[j-nsp] New 16port 10G Card and new MPC with 4x10G MIC Cards - coexistance of old DPCs and new Cards in same chassis -- looking for experience feedback
Emanuel Popa
emanuel.popa at gmail.com
Fri Jan 21 06:06:12 EST 2011
Hi,
This is a pretty old thread, but the input might be useful.
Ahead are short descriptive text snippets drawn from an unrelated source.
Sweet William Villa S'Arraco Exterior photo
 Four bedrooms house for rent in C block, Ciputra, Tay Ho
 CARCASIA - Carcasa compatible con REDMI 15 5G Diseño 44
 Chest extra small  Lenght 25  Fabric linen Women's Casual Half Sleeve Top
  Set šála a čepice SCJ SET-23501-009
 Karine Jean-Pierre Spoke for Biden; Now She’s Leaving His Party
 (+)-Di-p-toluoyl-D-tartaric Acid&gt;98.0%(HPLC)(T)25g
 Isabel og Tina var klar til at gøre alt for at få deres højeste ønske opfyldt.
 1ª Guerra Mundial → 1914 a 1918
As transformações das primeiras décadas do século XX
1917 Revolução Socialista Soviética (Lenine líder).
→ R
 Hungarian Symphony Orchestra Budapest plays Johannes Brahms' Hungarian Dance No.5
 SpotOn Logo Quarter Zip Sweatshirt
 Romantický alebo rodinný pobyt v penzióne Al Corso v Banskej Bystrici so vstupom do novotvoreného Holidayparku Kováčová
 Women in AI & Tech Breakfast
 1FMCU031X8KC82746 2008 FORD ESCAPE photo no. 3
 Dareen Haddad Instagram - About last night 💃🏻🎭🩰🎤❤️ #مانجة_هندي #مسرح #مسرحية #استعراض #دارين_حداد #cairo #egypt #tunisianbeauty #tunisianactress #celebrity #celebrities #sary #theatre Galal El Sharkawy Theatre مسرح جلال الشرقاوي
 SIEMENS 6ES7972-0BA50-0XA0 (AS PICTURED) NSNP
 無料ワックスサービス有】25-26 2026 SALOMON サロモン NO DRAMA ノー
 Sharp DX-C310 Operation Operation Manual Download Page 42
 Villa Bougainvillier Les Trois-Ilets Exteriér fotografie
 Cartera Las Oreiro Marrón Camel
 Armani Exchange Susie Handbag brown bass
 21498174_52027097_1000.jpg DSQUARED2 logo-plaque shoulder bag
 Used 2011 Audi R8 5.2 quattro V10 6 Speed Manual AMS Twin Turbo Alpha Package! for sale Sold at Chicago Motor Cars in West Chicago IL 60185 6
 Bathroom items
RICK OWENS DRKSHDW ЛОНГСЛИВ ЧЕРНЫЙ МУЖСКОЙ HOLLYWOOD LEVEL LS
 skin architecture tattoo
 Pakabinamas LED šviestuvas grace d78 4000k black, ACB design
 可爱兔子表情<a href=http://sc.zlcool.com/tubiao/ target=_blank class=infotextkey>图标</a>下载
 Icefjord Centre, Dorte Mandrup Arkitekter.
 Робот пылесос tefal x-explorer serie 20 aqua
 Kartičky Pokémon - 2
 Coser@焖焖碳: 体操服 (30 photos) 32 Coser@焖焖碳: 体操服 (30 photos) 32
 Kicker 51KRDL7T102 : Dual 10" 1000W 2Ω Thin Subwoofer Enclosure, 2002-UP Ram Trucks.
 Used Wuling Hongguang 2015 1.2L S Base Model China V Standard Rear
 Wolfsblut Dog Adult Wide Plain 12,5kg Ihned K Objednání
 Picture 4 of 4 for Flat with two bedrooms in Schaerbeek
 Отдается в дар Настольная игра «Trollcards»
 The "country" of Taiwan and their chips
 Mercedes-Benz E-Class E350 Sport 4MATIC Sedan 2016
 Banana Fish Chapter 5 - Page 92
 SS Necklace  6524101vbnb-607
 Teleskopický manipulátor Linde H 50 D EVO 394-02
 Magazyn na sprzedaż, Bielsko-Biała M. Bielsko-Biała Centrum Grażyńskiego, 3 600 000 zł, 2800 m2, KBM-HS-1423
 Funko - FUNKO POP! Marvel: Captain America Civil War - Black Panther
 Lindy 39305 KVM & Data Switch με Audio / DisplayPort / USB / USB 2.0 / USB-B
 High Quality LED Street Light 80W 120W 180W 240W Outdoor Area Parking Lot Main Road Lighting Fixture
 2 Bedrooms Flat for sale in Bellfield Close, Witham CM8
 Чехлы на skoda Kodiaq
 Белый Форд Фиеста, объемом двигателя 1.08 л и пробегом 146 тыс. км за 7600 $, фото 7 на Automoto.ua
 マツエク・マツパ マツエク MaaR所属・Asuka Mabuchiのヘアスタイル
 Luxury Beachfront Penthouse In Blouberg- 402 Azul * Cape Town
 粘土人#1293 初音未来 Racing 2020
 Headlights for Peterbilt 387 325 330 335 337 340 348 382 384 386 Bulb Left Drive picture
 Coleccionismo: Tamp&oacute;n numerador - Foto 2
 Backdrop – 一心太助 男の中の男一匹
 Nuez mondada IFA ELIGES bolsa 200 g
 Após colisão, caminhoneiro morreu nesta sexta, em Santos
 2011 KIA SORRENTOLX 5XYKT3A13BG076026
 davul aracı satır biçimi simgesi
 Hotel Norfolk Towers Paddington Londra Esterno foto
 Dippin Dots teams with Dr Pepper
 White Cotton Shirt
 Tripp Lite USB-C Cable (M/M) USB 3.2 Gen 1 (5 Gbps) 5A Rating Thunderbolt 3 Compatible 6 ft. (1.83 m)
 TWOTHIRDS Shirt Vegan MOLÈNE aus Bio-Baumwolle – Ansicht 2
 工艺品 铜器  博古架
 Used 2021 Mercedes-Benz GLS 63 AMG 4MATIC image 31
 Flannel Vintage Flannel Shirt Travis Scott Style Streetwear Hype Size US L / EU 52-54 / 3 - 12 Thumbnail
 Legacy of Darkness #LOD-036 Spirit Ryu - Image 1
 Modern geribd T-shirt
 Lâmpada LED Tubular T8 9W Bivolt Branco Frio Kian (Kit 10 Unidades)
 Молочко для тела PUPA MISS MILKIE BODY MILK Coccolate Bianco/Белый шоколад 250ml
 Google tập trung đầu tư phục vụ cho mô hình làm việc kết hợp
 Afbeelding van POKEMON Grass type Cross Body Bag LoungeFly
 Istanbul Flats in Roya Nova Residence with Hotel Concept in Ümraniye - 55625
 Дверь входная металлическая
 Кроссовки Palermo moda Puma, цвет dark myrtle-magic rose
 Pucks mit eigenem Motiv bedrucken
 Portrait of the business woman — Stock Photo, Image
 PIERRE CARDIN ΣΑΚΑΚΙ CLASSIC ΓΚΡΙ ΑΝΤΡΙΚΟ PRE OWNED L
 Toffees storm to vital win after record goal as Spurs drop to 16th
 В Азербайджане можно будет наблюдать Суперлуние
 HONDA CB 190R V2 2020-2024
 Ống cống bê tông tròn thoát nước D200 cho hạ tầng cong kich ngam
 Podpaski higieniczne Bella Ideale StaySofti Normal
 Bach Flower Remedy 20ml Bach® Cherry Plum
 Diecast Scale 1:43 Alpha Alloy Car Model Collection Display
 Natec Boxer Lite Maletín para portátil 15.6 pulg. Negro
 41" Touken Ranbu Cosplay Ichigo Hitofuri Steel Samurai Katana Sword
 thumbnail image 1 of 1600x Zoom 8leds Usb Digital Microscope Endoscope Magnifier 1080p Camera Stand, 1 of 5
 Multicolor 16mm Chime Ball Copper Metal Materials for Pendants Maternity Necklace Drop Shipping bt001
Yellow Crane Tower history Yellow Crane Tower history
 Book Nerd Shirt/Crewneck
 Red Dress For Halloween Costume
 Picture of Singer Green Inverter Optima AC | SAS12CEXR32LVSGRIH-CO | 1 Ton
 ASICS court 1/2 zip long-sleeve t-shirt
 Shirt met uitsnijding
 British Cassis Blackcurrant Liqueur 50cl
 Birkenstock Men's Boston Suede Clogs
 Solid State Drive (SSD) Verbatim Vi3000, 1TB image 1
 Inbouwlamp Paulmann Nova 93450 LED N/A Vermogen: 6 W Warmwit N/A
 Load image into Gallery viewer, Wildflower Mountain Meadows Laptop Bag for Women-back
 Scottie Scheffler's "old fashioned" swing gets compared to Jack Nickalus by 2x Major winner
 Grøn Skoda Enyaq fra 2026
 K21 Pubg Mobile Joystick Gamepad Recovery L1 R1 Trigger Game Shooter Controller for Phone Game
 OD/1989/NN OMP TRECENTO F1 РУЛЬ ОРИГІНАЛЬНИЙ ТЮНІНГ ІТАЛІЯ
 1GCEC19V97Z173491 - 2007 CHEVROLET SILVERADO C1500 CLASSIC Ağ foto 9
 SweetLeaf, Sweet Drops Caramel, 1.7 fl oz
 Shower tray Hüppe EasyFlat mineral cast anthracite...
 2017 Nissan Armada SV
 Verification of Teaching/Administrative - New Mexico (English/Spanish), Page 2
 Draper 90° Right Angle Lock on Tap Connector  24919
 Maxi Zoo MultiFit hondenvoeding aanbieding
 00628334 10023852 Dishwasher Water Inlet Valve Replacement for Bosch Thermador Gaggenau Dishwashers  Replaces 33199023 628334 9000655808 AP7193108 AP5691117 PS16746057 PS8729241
In the last couple of months we've been trying to mix DPCE-R-4XGEXFP
with MPC-3D-16XGE-SFPP-R-B inside a MX960 chassis. The reason for
using MPCs was scalability. The final result agreed upon together with
Juniper was using the MX series platform either with DPCs or MPCs
exclusively when expecting wire rate speed on all FPCs, 40Gbps/slot
for the DPCs and 120Gbps/slot for the MPCs. Even mixing the different
linecards with small traffic figures proved to be dangerous and ruined
one of our maintenance windows.
We are curious to find out what is the actual performance limit on the
fixed MPC. Our highest record shows almost 60Gbps of traffic one way
and 55Gbps the other way on a single MPC.
Regards,
Manu
On Mon, Aug 30, 2010 at 1:56 AM, Richard A Steenbergen <ras at e-gerbil.net> wrote:
> On Sun, Aug 29, 2010 at 12:00:01PM -0700, Derick Winkworth wrote:
>> so the possibility does exist that with a combination of newer fabric
>> and newer line card (a line card with better MQ memory bandwidth),
>> that MX might be able to push more traffic per slot...
>
> Sure, the chassis backplane is electrically capable of quite a bit, so
> if you keep upgrading the fabric and the cards you should be able to
> keep increasing bandwidth without forklifting the chassis for a long
> time.
>
> BTW, one more point of clarification on the MQ bandwidth limit. The 70G
> limit is actually the for bandwidth crossing the PFE in any direction,
> so the previously mentioned "35G fabric 35G wan" example is actually
> based on the assumption of bidirectional traffic. To calculate the MQ
> usage you only want to count the packet ONCE per PFE crossing (so for
> example, you can just count every ingress packet), but you need to
> include traffic coming from the fabric interfaces too.
>
> So for example:
>
> * A single 10Gbps stream coming in one port on the PFE counts as 10Gbps
> of MQ usage, regardless of whether it is destined for the fabric or for
> a local port.
>
> * A bidirectional 10Gbps stream between two ports on the same PFE counts
> as 20Gbps of MQ usage, since you have 2 ports each receiving 10Gbps.
>
> * 30Gbps of traffic coming in over the fabric (ignoring any fabric
> limitations for the moment, as they are a separate calculation) and
> going out the WAN interfaces counts as 30G of MQ usage, which means you
> still have another 40G available to receive packets from the WAN
> interfaces and locally or fabric switch them.
>
> This is quite a bit more flexible than just thinking about it as "35G
> full duplex", since you're free to use the 70G in any direction you see
> fit.
>
> --
> Richard A Steenbergen <ras at e-gerbil.net> http://www.e-gerbil.net/ras
> GPG Key ID: 0xF8B12CBC (7535 7F59 8204 ED1F CC1C 53AF 4C41 5ECA F8B1 2CBC)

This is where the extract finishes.